Start of RAW DATA

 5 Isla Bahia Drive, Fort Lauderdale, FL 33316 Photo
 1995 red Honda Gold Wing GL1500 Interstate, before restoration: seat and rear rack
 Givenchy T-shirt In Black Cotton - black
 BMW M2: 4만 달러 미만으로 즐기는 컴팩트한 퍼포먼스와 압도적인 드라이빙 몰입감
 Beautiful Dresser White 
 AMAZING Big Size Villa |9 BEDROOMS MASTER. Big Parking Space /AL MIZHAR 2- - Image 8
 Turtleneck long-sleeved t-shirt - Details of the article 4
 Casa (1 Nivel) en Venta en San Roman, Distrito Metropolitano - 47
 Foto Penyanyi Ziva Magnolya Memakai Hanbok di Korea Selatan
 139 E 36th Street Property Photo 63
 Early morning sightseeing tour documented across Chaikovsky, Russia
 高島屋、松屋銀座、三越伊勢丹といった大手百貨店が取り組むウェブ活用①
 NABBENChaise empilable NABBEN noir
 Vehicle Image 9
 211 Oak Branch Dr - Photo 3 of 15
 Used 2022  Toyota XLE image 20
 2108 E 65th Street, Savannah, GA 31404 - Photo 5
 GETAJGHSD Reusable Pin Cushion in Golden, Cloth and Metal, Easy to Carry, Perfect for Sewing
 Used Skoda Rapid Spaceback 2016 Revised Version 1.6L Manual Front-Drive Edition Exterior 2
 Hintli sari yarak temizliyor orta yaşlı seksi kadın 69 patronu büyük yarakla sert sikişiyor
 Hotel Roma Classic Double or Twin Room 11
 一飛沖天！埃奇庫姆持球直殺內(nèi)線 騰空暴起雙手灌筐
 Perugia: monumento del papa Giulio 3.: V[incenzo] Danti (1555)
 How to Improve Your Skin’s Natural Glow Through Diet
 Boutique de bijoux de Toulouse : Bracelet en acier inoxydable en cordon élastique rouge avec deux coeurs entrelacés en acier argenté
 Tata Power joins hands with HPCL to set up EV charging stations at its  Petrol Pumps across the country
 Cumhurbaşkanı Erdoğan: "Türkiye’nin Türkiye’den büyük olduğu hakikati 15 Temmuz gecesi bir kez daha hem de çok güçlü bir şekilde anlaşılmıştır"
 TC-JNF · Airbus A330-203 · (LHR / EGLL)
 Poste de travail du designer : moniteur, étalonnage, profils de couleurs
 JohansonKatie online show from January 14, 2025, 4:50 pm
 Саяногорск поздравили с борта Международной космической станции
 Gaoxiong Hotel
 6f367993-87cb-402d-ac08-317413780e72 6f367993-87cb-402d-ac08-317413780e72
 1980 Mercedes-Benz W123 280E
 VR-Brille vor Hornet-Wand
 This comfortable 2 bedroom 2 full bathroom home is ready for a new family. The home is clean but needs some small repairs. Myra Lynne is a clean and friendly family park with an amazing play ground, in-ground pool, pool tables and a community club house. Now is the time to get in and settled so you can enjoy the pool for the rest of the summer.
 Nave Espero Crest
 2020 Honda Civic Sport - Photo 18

End of RAW DATA

• [REQUIRED WORK]
Check the data for the word "Hotel" and pull out the lines that have it.

• [SOLUTION BELOW]
 Hotel Roma Classic Double or Twin Room 11
 Gaoxiong Hotel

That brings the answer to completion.